Dat betekent eveneens dat de rechtbank het beroep ten onrechte ongegrond heeft verklaard en dat de aangevallen uitspraak dient te worden vernietigd. Onder gegrond-verklaring van het beroep zal het bestreden besluit ook worden vernietigd. Met inachtneming van hetgeen de Raad heeft overwogen zal gedaagde opnieuw moeten beslissen op het bezwaar van appellant.
De Raad acht termen aanwezig gedaagde te veroordelen in de proceskosten die appellant in verband met zijn beroep en hoger beroep redelijkerwijs heeft moeten maken.
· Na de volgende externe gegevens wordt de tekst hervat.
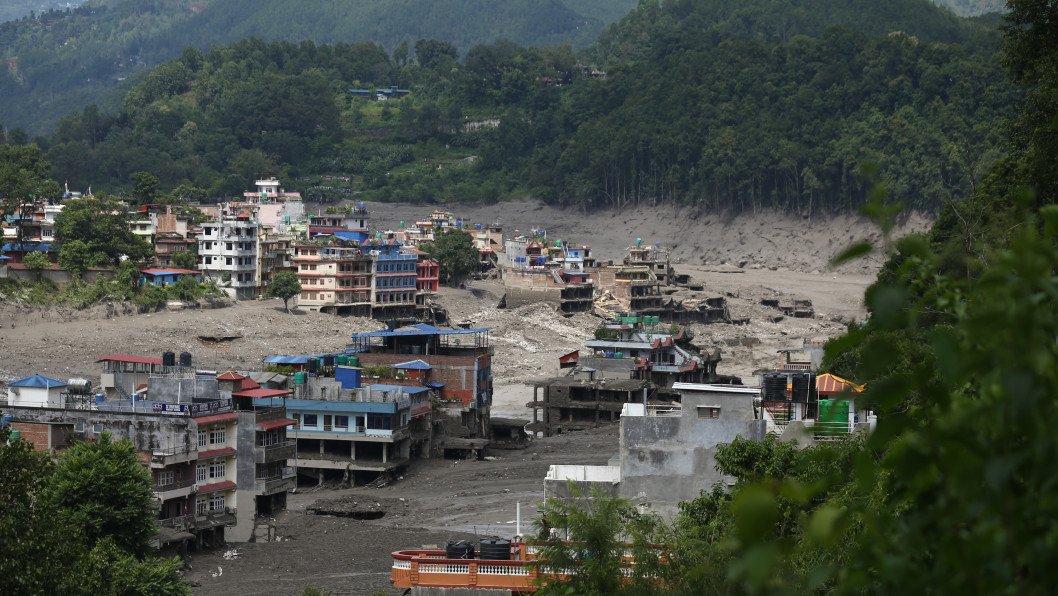 53 Ukrainians Missing in Nepal as Devastating Flash Flood Sweeps Through Himalayan Trekking Trails
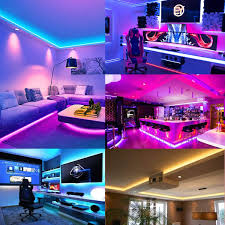 Diy Color Options Led Tape Lights For Bedroom Ceiling Under The Cabinet 600leds Rgb Led Lights Aliexpress carries many led strip light bedroom room related products, including ceil lamp led , led plate yellow , driver for led lamp remote , ceiling led strip warm white , 220v led rgb strip , rgb rigid strip , leds on the plate , ceil led strip , energy meter with remote control , 20 rgb 220v.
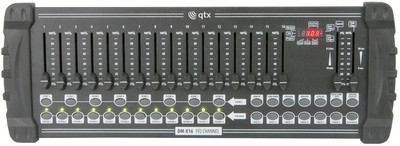 192 Kanal DMX Controller
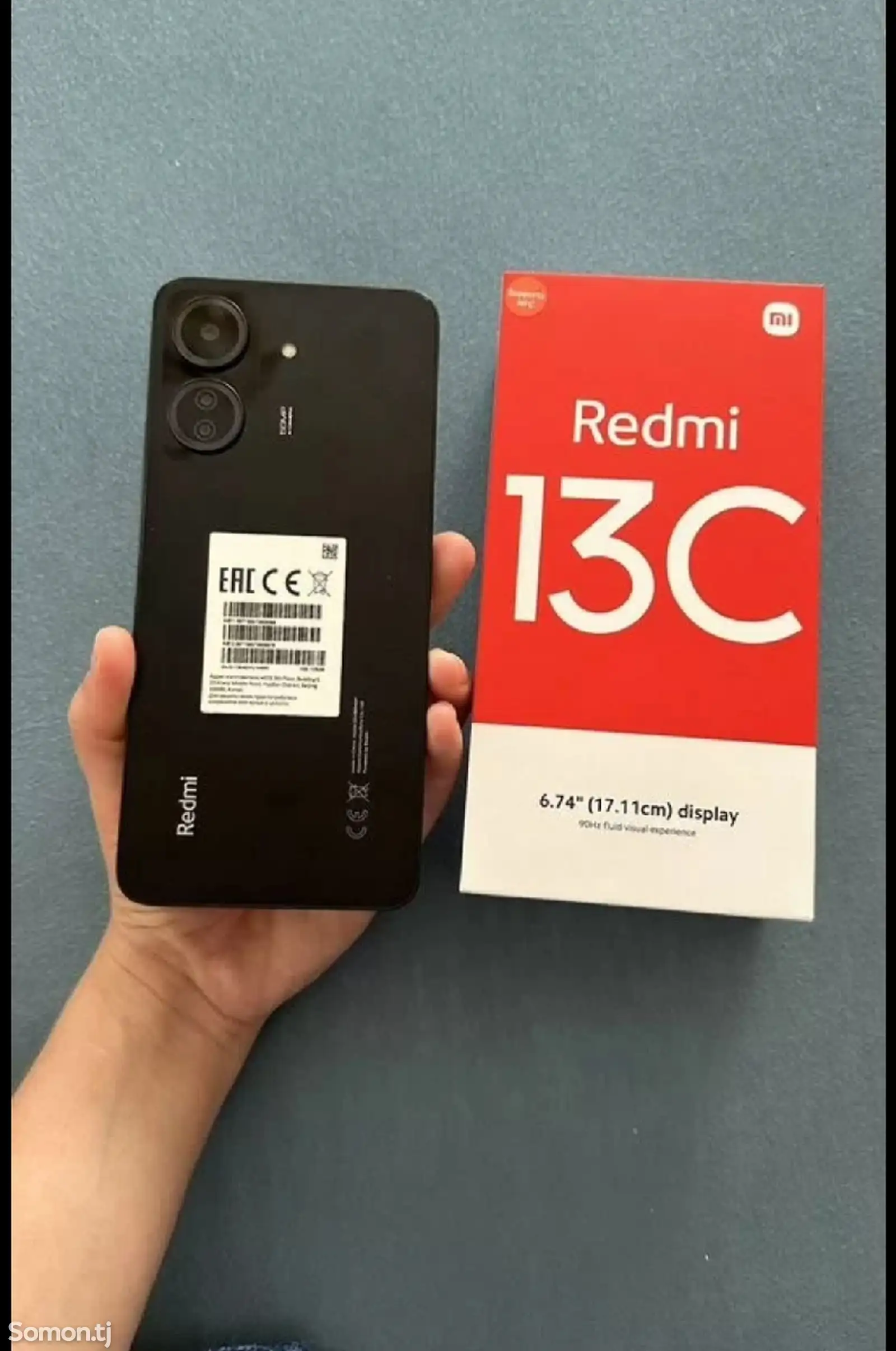 Xiaomi Redmi 13C 128gb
De Centrale Raad van Beroep,
Vernietigt de aangevallen uitspraak;
Verklaart het beroep gegrond en vernietigt het bestreden besluit;
Bepaalt dat gedaagde opnieuw beslist op appellants bezwaar tegen het besluit van 28 juni 2002 met inachtneming van hetgeen in deze uitspraak is overwogen;
Veroordeelt gedaagde in de proceskosten van appellant tot een bedrag van in totaal € 1288,--, te betalen door het Uitvoeringsinstituut werknemersverzekeringen;
Bepaalt dat het Uitvoeringsinstituut werknemersverzekeringen het door appellant betaalde griffierecht van in totaal € 116,-- aan hem vergoedt.
Aldus gegeven door mr. B.J. van der Net als voorzitter en mr. M.C.M. van Laar en mr. C.M. van Wechem als leden, in tegenwoordigheid van W.J.M. Fleskens als griffier en uitgesproken in het openbaar op 3 maart 2005.